Required action:
Repeat only the lines between the one with "Remote Control Building Blocks Car Toy" and the end of the material below, both ends included. Omit any picture.

Data for this exercise Start Marker

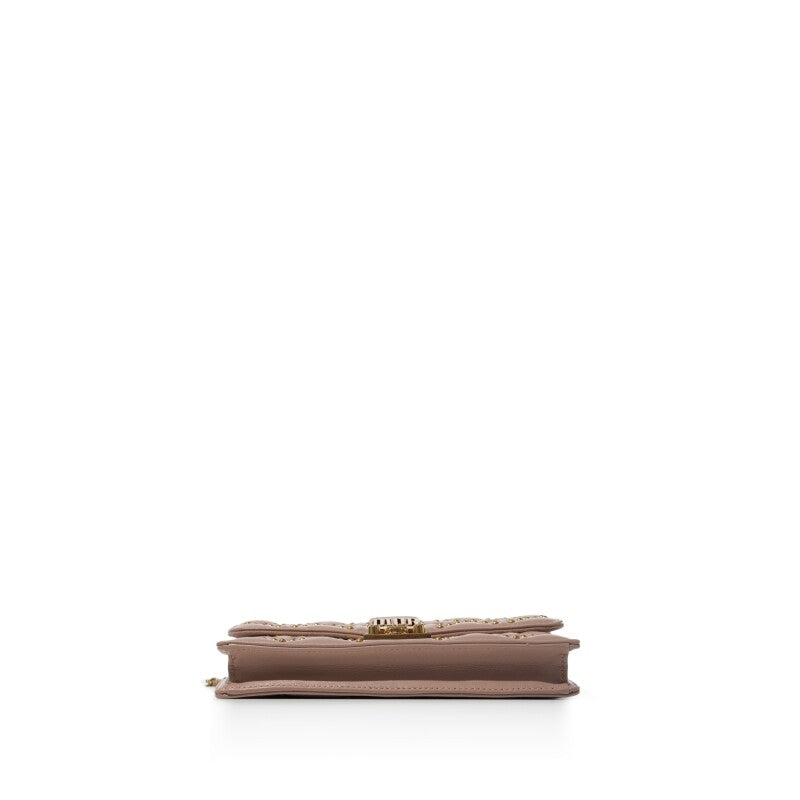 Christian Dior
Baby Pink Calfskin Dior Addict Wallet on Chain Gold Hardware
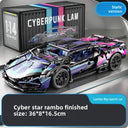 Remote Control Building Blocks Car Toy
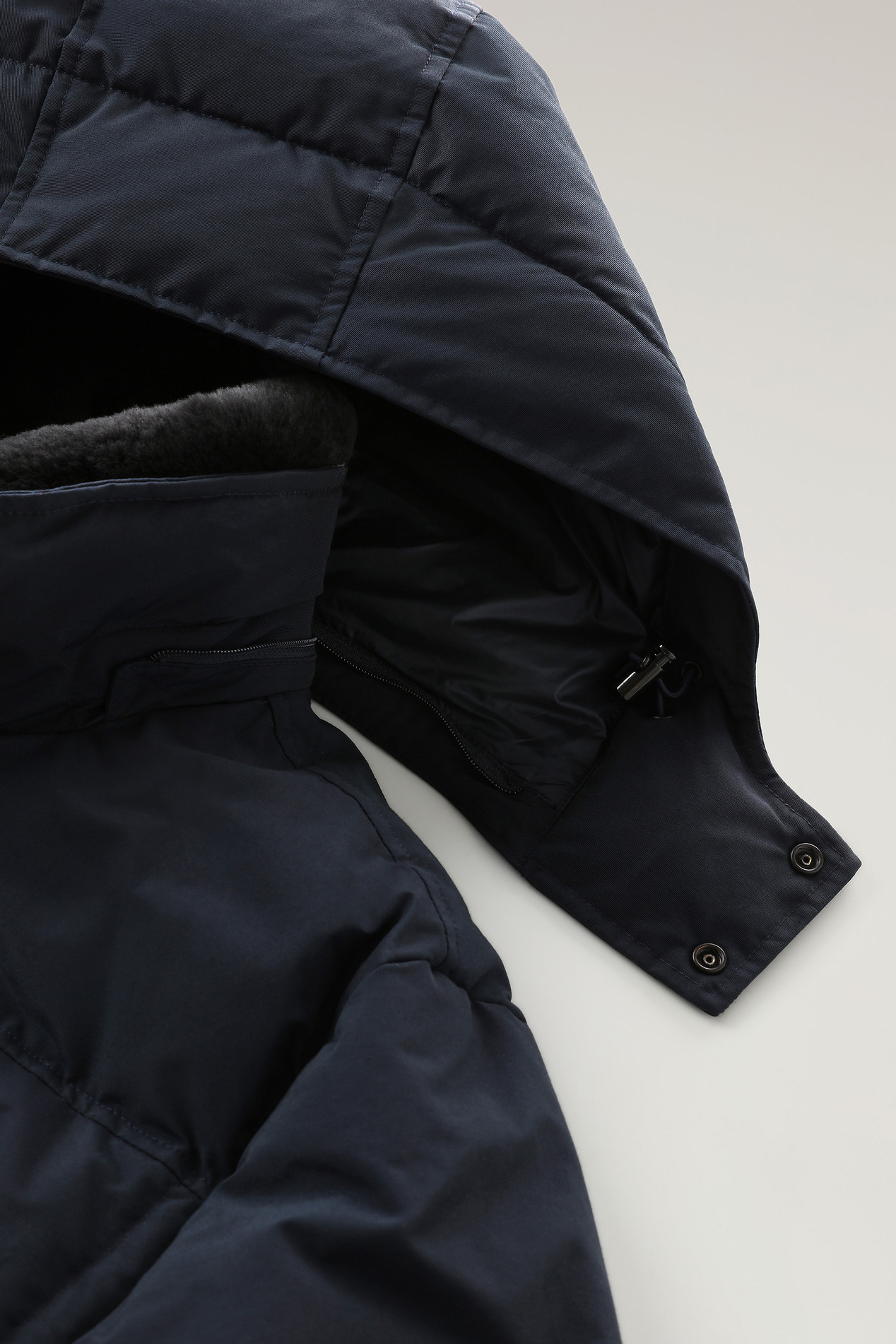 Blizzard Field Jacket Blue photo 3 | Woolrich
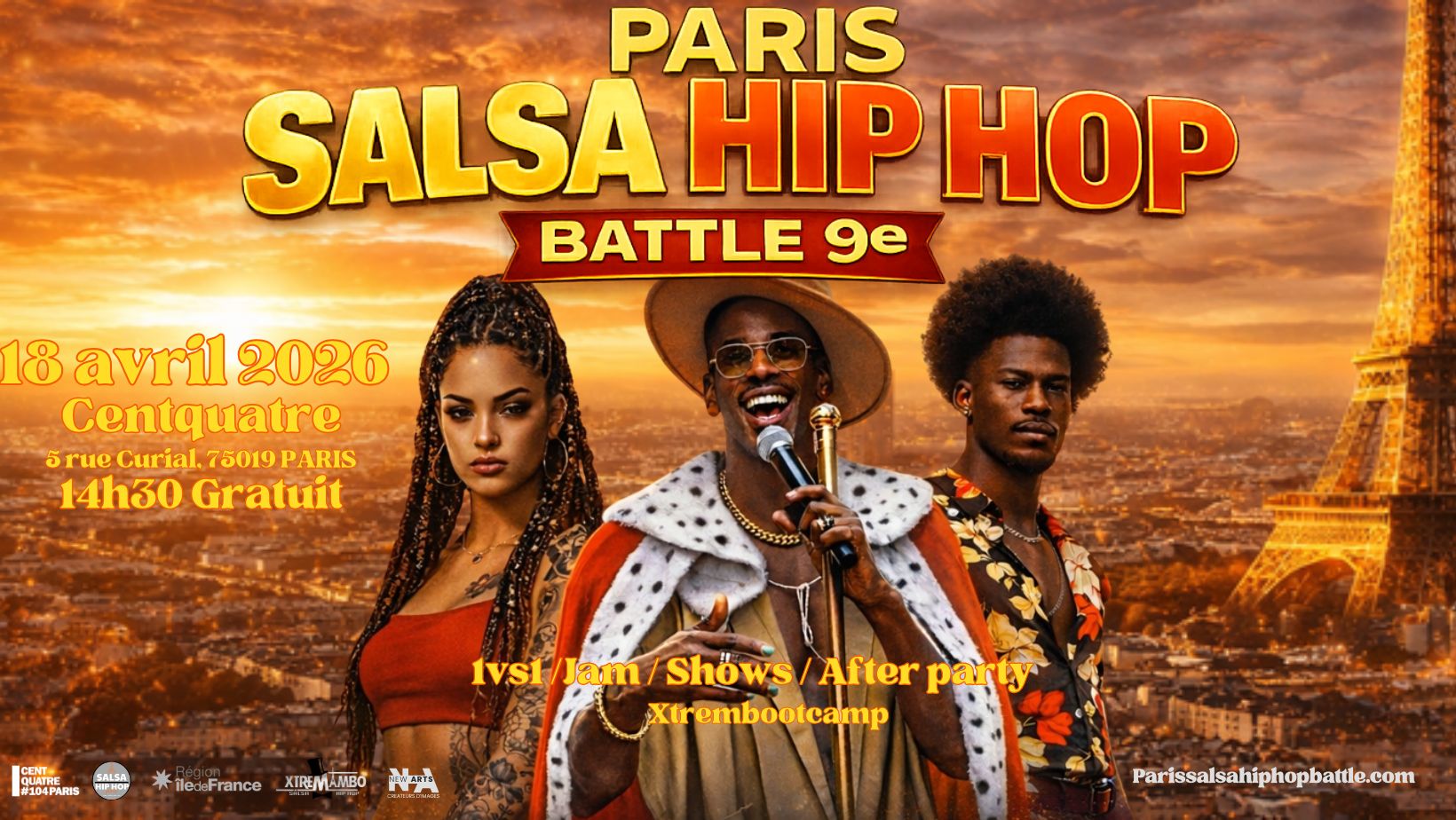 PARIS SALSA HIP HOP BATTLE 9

Data for this exercise End Marker

Response:
 Remote Control Building Blocks Car Toy
 Blizzard Field Jacket Blue photo 3 | Woolrich
 PARIS SALSA HIP HOP BATTLE 9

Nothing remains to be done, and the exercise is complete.